Hi,
This is a long post; I’m looking for ideas, brainstorming, discussion, experience. Admins: I may have selected bad subforum, so feel free to move it.
I have Turris Omnia with attached USB3.0 disk (new WD MyBook, 4TB), formatted to ext4, which is being shared through Samba, Syncthing and SSHFS. Two days after an update we noticed the disk is not accessible and SSHing to the router revealed the disk was completely empty, having lost around 200GB of data. Not only the data disappeared, but also the lost+found
directory, which is automatically created on filesystem format, wasn’t there. The disk appeared as if you ran rm -rf
on it; except that the journal was also empty.
Omnia is being updated regularly and automatically, with its factory settings. I only receive e-mails about updates and planned maintenance reboots. Last update occurred on the 10th of May and the device rebooted at 3:30 on the 13th of May, which was this Sunday. On Tuesday we discovered the failure.
Since last evening I’m running ext4magic
to recover the lost data. It appears the data is still there, so I might be able to recover it without major loss. The ext4magic
tool revealed the journal to be empty. I haven’t run smartctl
yet, because data recovery has priority. dmesg
did not reveal any errors related to the disk, but I admit that wasn’t the first thing I ran.

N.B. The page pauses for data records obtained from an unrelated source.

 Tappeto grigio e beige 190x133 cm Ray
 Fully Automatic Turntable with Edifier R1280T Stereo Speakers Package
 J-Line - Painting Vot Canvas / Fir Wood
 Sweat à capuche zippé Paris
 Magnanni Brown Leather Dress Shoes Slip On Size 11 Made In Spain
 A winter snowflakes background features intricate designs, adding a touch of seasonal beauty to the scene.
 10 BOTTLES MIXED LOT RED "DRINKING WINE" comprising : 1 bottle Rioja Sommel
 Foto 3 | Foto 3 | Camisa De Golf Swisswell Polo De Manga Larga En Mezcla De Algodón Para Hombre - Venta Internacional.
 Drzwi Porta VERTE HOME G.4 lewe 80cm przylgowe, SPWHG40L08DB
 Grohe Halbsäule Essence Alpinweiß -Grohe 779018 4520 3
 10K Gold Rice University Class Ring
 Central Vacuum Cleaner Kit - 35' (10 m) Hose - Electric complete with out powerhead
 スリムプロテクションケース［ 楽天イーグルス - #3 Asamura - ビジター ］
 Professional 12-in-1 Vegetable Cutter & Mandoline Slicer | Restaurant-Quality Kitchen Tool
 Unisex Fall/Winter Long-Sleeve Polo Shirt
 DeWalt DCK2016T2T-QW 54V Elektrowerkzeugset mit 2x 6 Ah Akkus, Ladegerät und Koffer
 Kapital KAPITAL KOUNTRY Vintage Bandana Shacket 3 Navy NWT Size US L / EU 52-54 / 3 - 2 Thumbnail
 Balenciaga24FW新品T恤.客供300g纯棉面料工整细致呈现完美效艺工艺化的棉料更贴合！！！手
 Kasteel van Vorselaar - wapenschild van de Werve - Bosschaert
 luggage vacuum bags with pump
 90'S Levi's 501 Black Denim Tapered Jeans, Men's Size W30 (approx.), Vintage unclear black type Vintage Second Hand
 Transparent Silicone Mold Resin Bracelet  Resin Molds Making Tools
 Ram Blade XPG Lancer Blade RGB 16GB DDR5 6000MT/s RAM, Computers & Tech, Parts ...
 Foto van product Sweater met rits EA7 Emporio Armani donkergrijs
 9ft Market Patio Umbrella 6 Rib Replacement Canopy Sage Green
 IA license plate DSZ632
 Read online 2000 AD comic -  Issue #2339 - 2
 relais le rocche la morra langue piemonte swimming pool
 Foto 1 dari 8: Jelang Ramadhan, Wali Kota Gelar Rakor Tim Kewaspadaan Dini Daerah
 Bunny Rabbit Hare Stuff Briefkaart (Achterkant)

As I didn’t know what was happening, the first thing I ran was fsck
, which may have “repaired” the filesystem, clearing the journal or restoring any filesystem control structures on the disk.
Now I’m looking for explanations to what might have happened. Of course, if the disk failed, I want to have it replaced as it’s about 4 months old. If it’s Omnia’s fault, then this should be explored and fixed. However, I can’t currently wrap my head around this. It doesn’t make any sense to me. If the disk failed, I’d expect some bad sectors, error messages in dmesg
, or partial data inaccessibility. I don’t expect the described behaviour to be caused by HW failure. Similarly, I don’t see a way how an update would cause this, or how any unintended SW action would result in this. If something, maybe a bug in Syncthing, deleted the data in a normal manner, the journal would describe that, wouldn’t it? Even then, my daemons run under unprivileged users, not root. The data belonged to multiple users, including root (as in the case of lost+found
folder). Does anybody have any idea? Anything else I should look into?
Fortunately, the disk is mostly a backup, not really storage, so no real damage except for the stress and time loss.